HARRISONBURG -- President Barack Obama said he wants to make high-quality preschool available to every child in America in his State of the Union Address. President Obama said all kids should be able to go to preschool despite whether their family can afford it or not. This could have an impact on early education here in the Valley.
Sandra Kelley has two grandchildren in preschool and she was also a preschool teacher for 18 years. She knows from experience how important it is for kids to have the opportunity to go to preschool. Kelley said that's where children can learn the basics before attending kindergarten.
"They learn to write, they learn to get along with each other. As you see out here, they're just running and playing and getting along and even learning to be team players," Kelley said.
While many parents said it's good to send their kids to preschool in order to learn how to play and socialize, Miranda Kirby said it shouldn't be required.

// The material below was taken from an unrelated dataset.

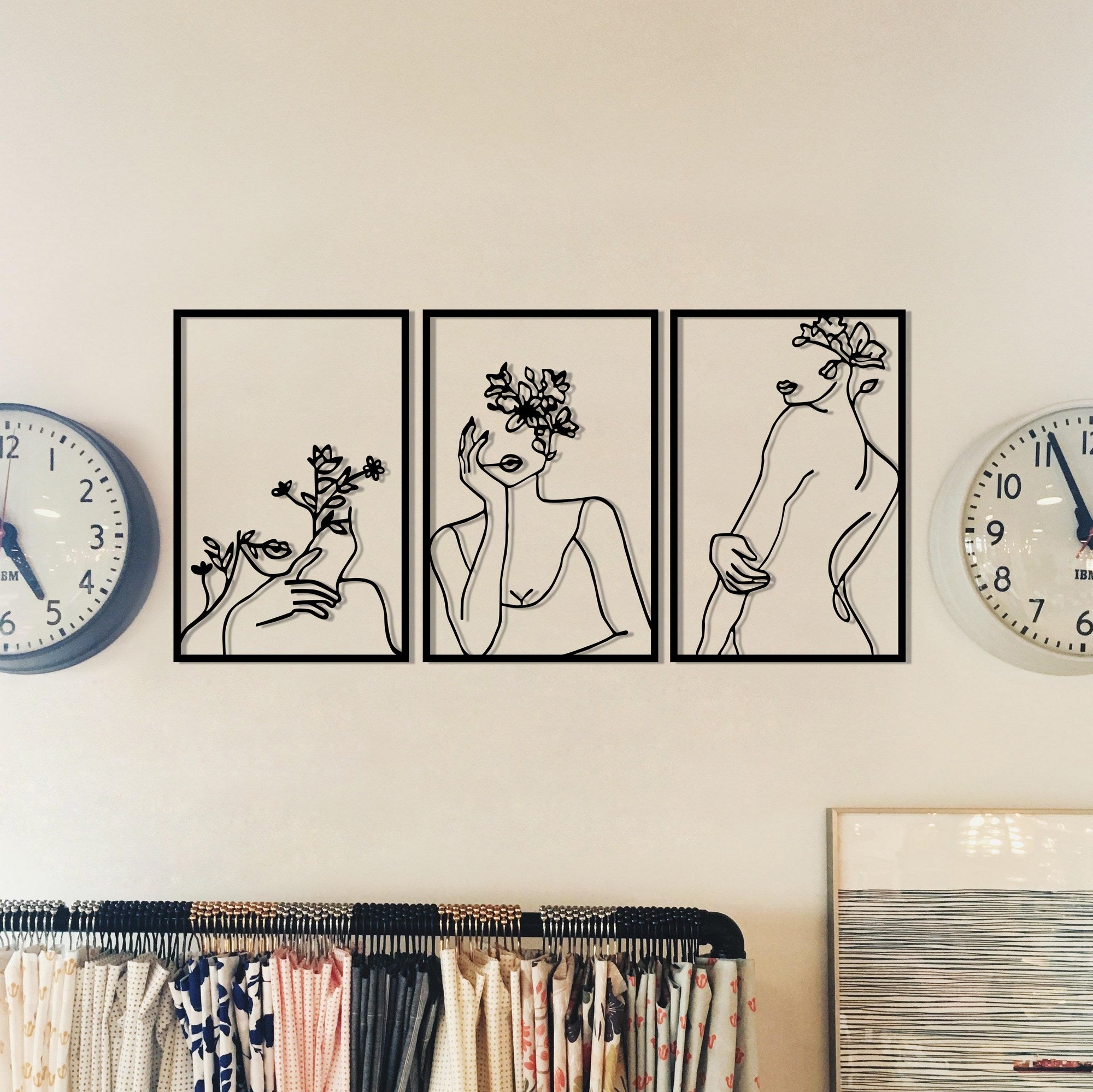 Painel de Parede em 100% Metal – Rosto Floral Feminino, Preto, 94x45 cm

"Just want to have the choice. We need the flexibility. We need to have the ability to have them in one morning a week, two mornings a week, something like that. I don't think it should be required by everyone five days a week," said Kirby.
President Obama's plan isn't completely determined yet. So far, he doesn't say preschool would be required for all kids, but he does want all kids to be able to attend if that's what their parents want. His plan would create a free preschool program for low-income families.
The plan would have a hefty price and some potentially big changes to early education that Kelley can already predict.
"You'll have to have more teachers, you'll have to have more funds, you'll have to have more classrooms. I mean you've got a lot to look at," Kelley said.
She said parents should have the choice to send their kids to preschool, but overall, it's not necessary for everyone. Pres. Obama said it would close the achievement gap between poor children and their wealthier peers.